De heer Knops (CDA): Ik weet dat u ermee bezig bent. Het punt dat ik gemaakt heb, ligt voor uw ambtsperiode, dus u kunt er gerust vrij over spreken. De vraag zou op tafel moeten liggen of, als dit weer mocht voorkomen, we überhaupt zo'n camping gaan uitplaatsen. Of gaan we dan de lijntjes anders trekken en onze eigen activiteiten anders regelen? Dit kost heel veel tijd, manuren en geld. Dit is die grote broek waarmee Defensie heel lang geleefd heeft. Dit is het zelf creëren van een probleem dat vervolgens moeilijk oplosbaar is.

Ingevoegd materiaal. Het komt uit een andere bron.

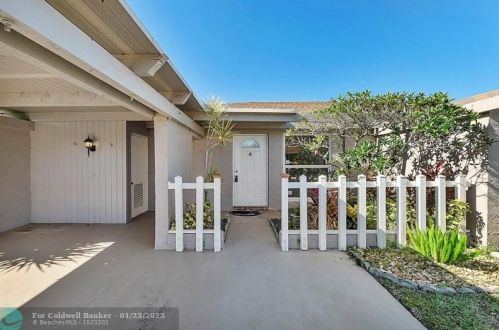 6750 Moonlit Dr, Delray Beach, FL 33446-1632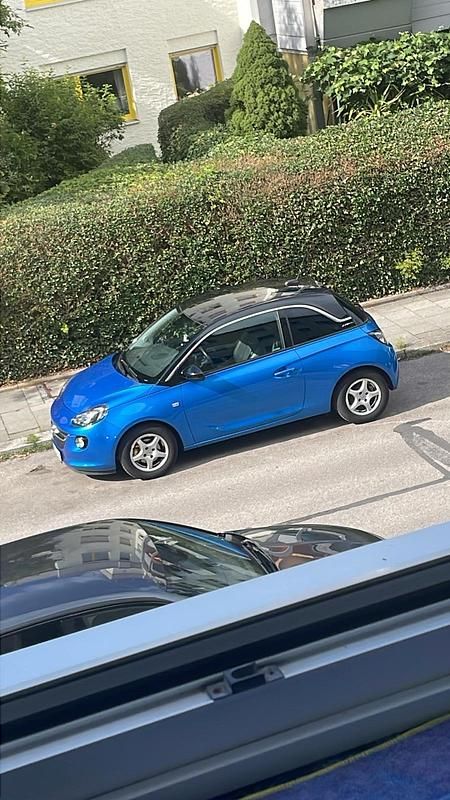 Second-hand Opel Adam 89 CP (65 kW) 2016 Albastru Hatchback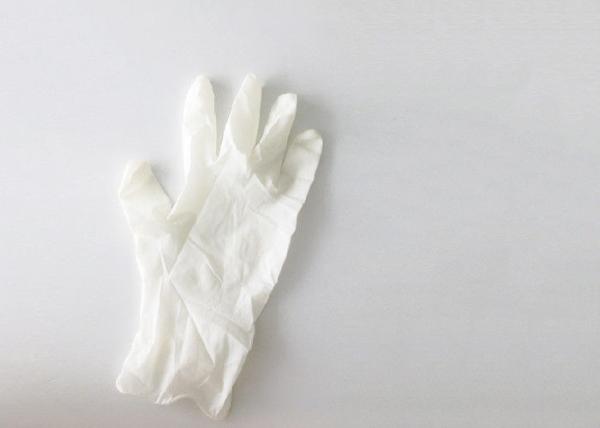 Non Toxic White Surgical Gloves , Vinyl Exam Gloves Net Weight 4.0-5.5g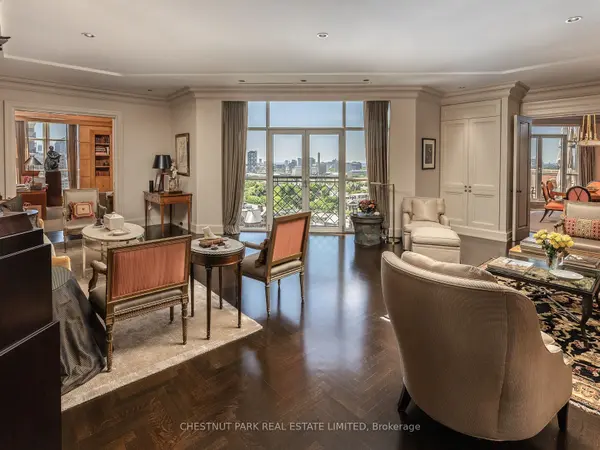 22 St Thomas ST #18A, Toronto C01, ON M5S 3E7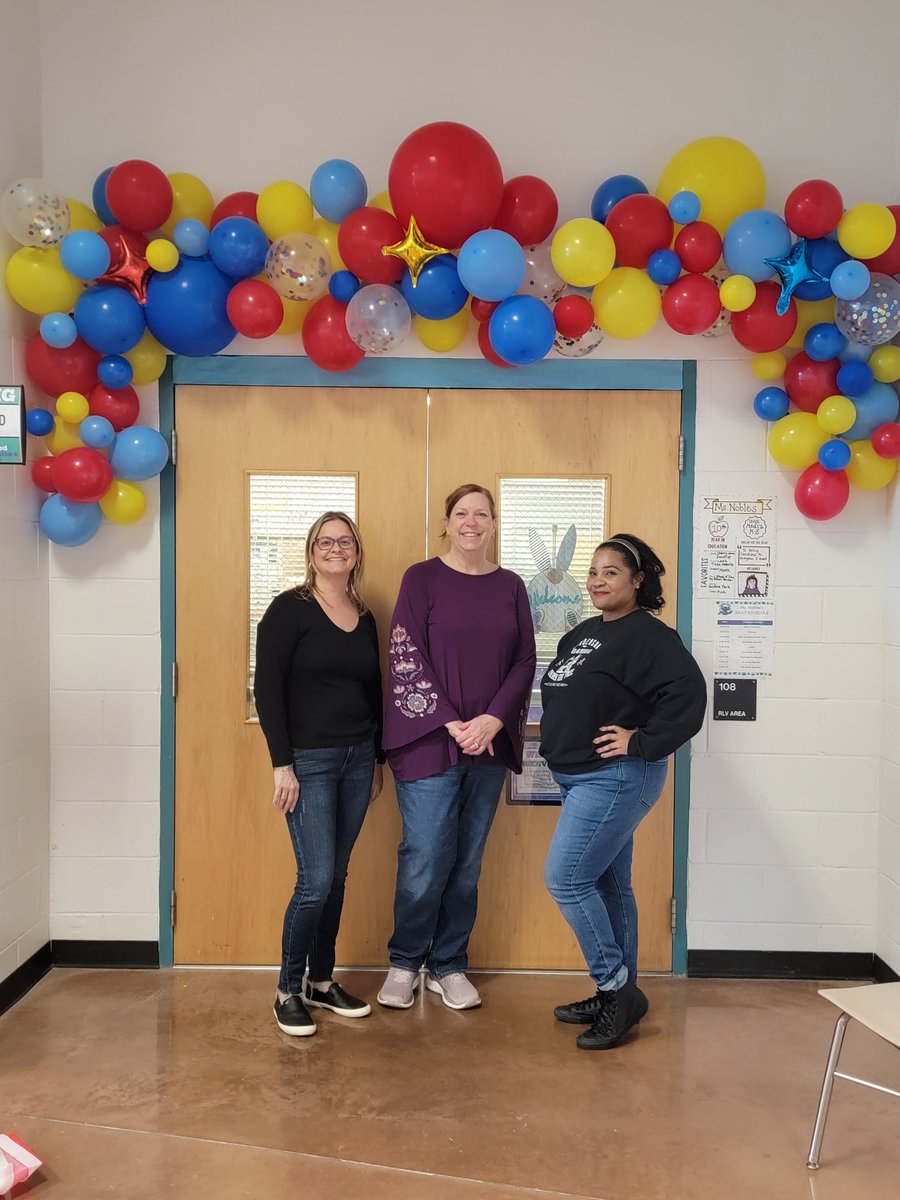 AIGwolford's tweet photo. Balloon arch for our book fair. #WithHelpfromFriends #teamwork @HodgeRoadES @HodgeRoadPTA https://t.co/KGGTfnRoZt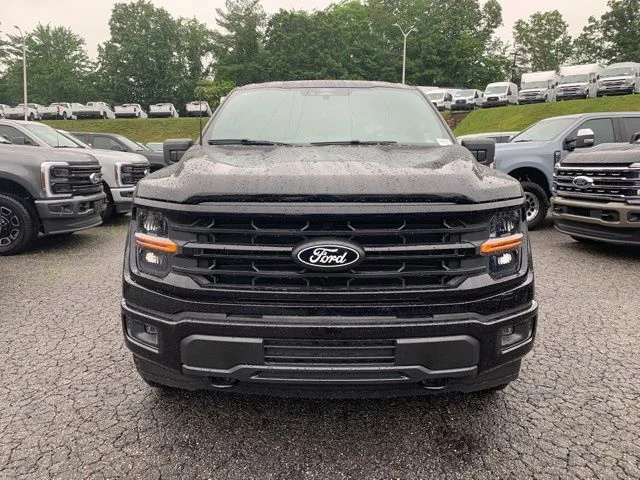 New 2026 Black Ford XLT image 3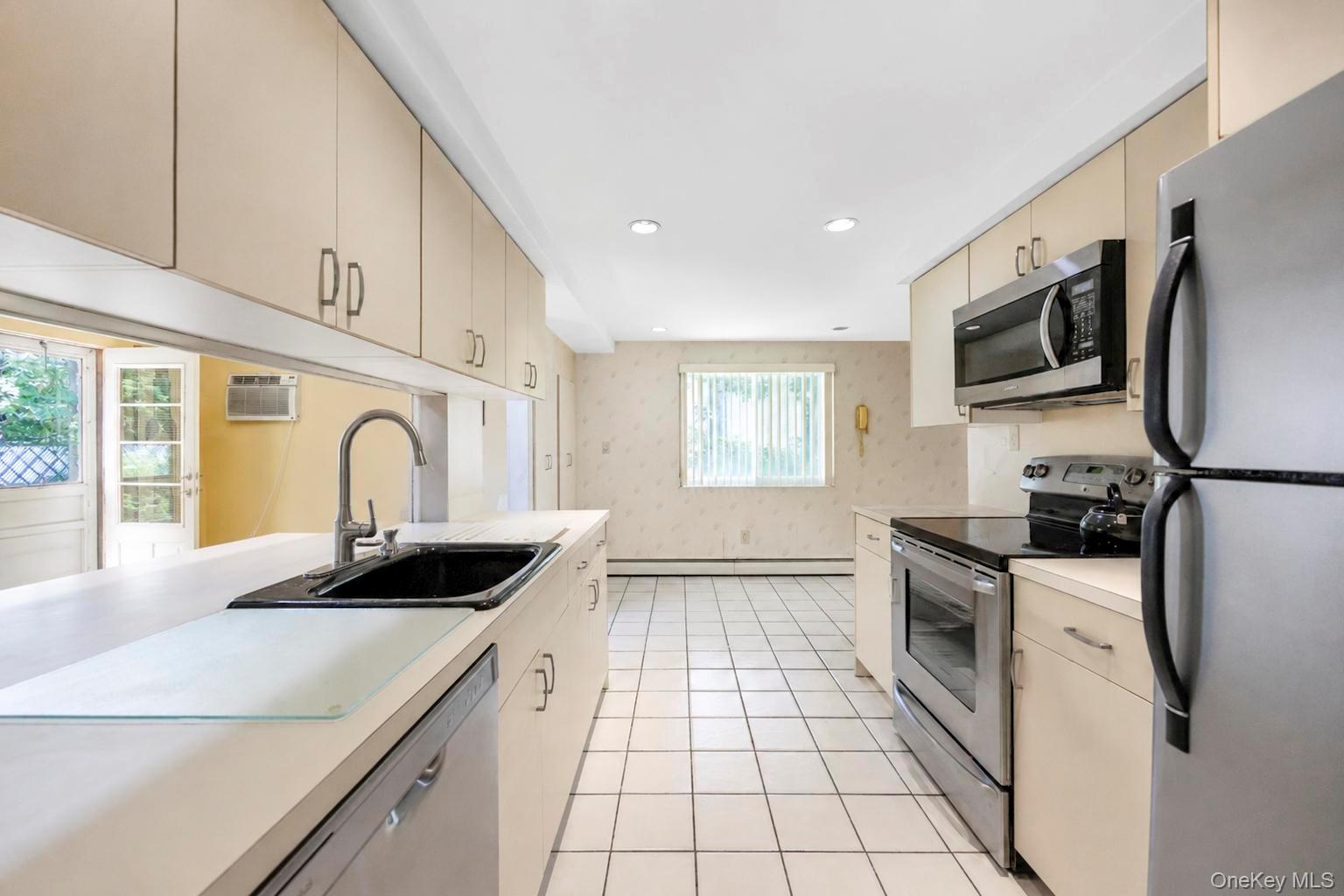 25 Hewes Street – For Rent photo 15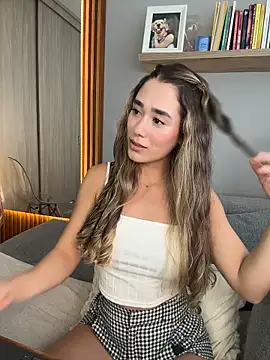 Snapshot of FridaKlein chatting on 02-26-26, 09:36 FridaKlein online show from 02-26-26, 09:36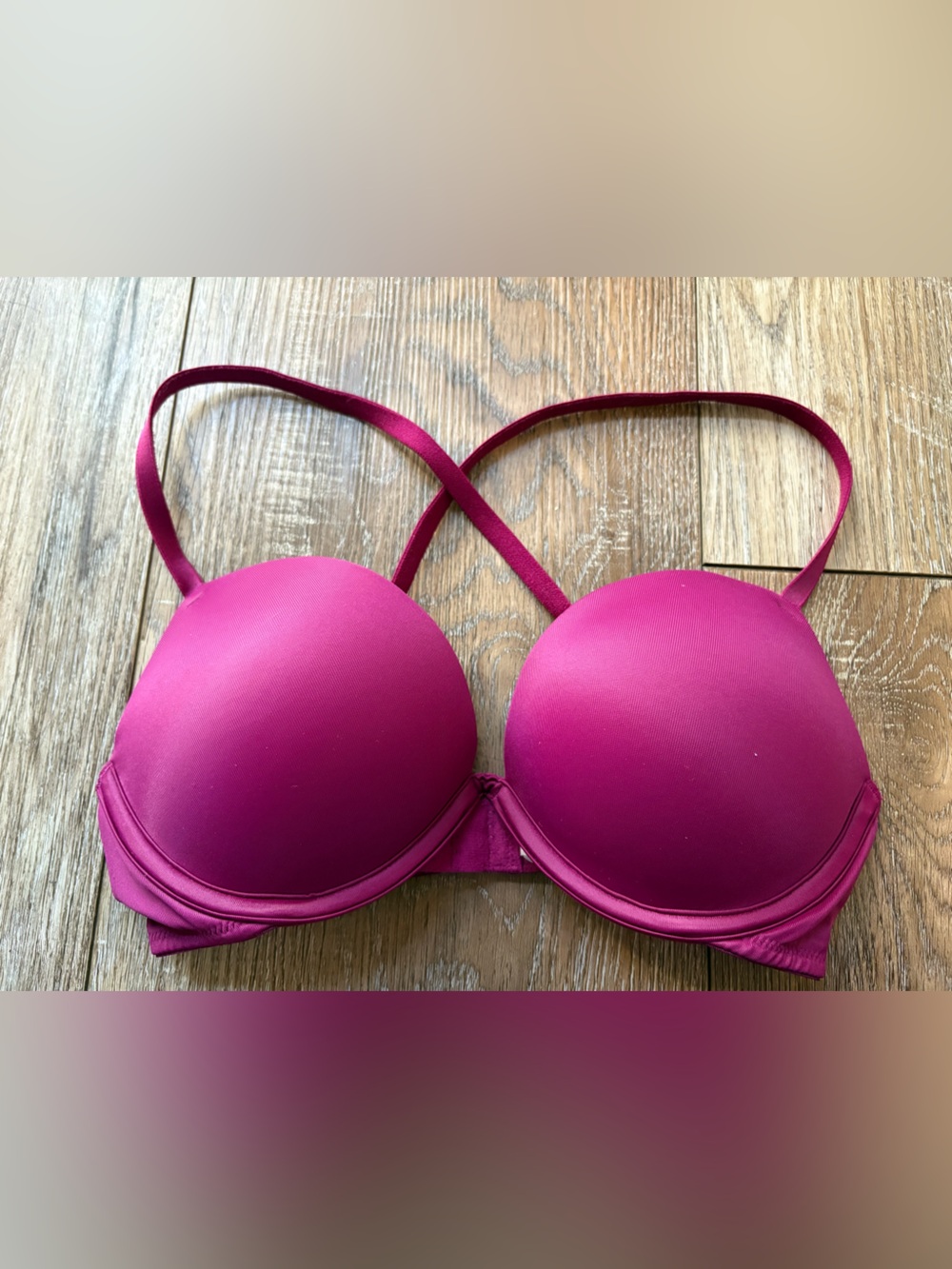 Victoria's Secret Smooth Molded Bra - Fuchsia extra pushup 32B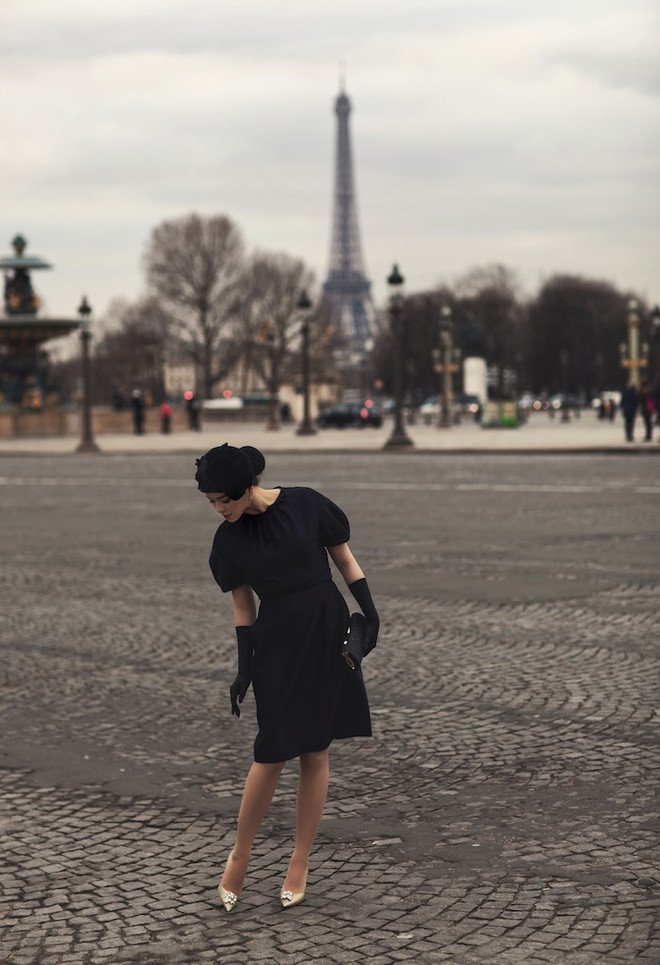 Lý Nhã Kỳ đẹp hút hồn với những thiết kế thời trang cao cấp ảnh 2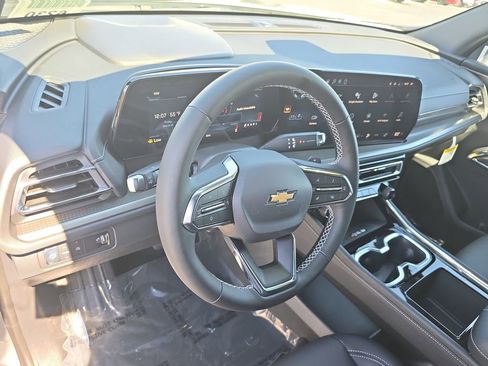 New 2026 Chevrolet Traverse LT w/ Sun and Wheel Package image 16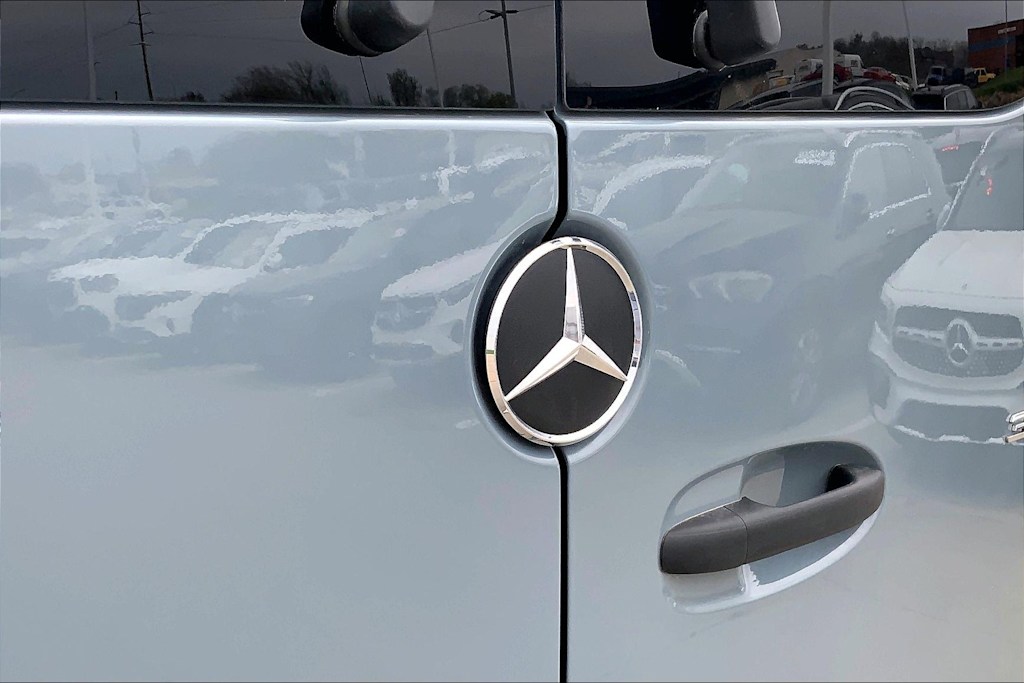 Thumbnail: 2025 Mercedes-Benz Sprinter - 21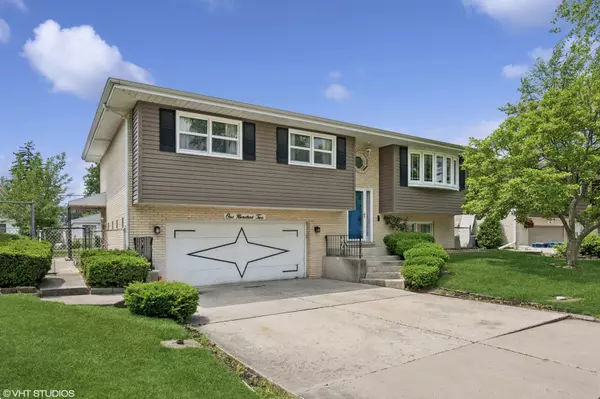 Addison, IL 60101,102 S Grant DR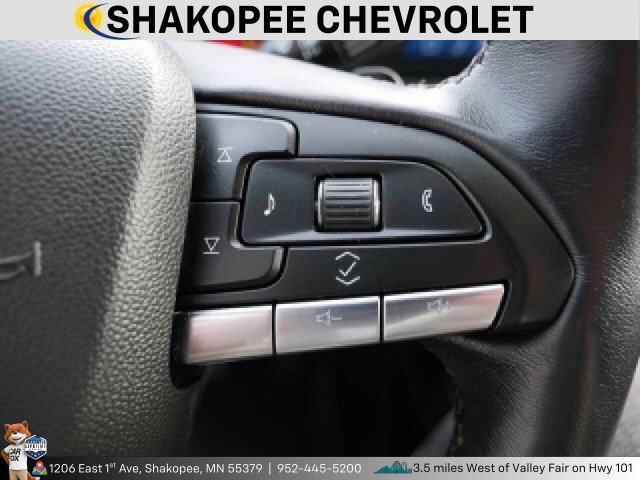 Used 2024 Cadillac XT4 Premium Luxury image 15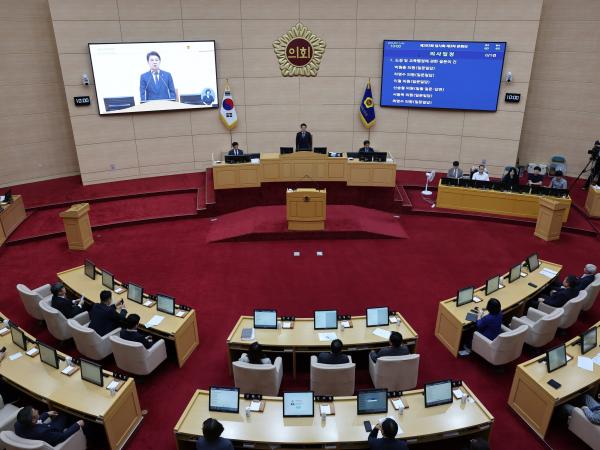 제393회 임시회 제3차 본회의 도정 및 교육행정 질문 첨부이미지 : 25년09월17일 제393회 임시회 제3차 본회의 도정 및 교육행정 질문 - 001.jpg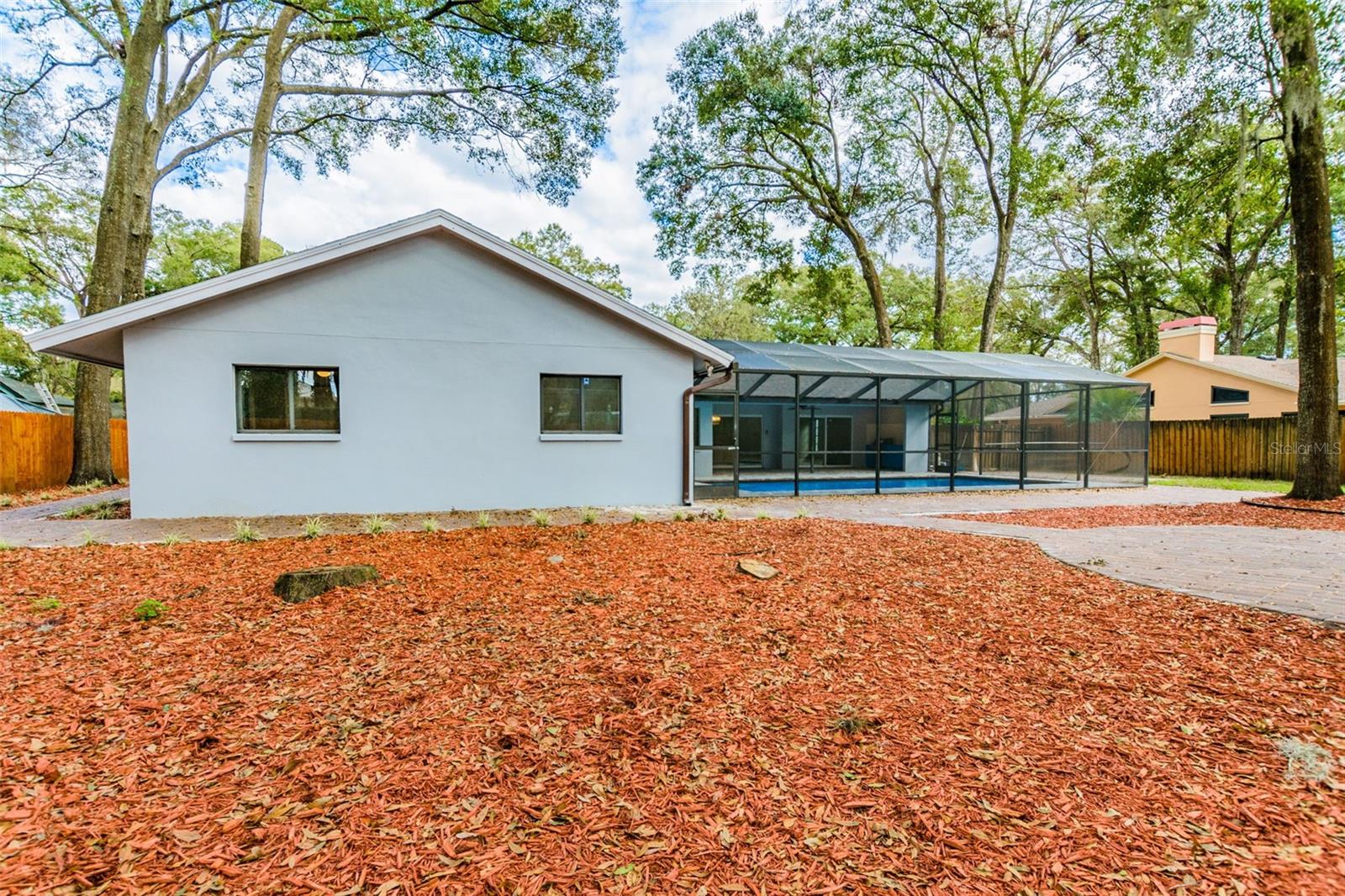 DURANT OAKS - Residential Lease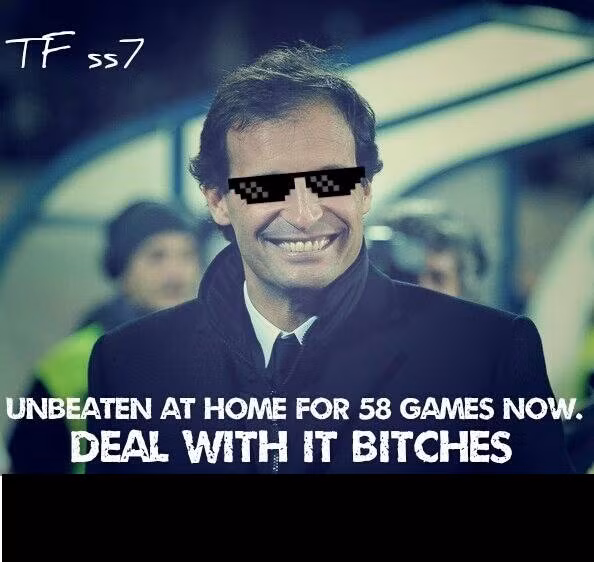 Niềm vui của HLV Juventus sau trận đấu.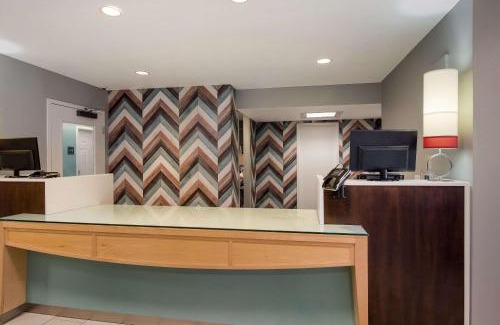 West Omaha Hotel | MainStay Suites Omaha Old Mill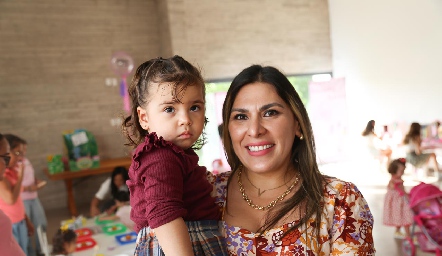  Andrea Souza y Vanessa Montes.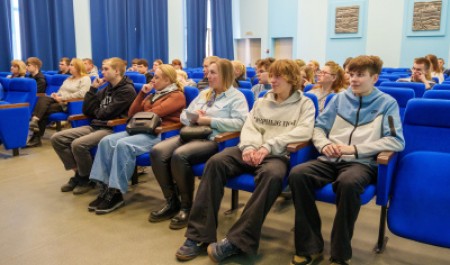 Высшая школа рыболовства и морских технологий САФУ провела День открытых дверей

Minister Hillen: Ik durf niet met terugwerkende kracht een waardeoordeel hierover te geven. Daarvoor weet ik te weinig over het ontstaan van dit probleem. Ik ben het wel met u eens dat we het niet moeten laten, als we kunnen faciliteren door het met weinig moeite iets anders in te richten.
Voorzitter. De heer Knops heeft gezegd dat ik klink alsof ik weinig betrokken ben bij Eygelshoven. Ten eerste is de Kamer niet zomaar wat, maar het gaat mij erom dat ik Eygelshoven geen valse hoop wil geven. Bij Weert is men bezig. Daar gaan we naar de tweede echelon toe om te kijken er wat kan. We hebben ze even in de wacht gezet. Over Eygelshoven heb ik gezegd dat ik serieus bij de Amerikanen en de Duitsers zal informeren wat de mogelijkheden zijn. Ik verwacht er niet zoveel van, dus wil ik Eygelshoven ook geen hoop geven, maar ik ga die telefoontjes echt wel heel serieus doen.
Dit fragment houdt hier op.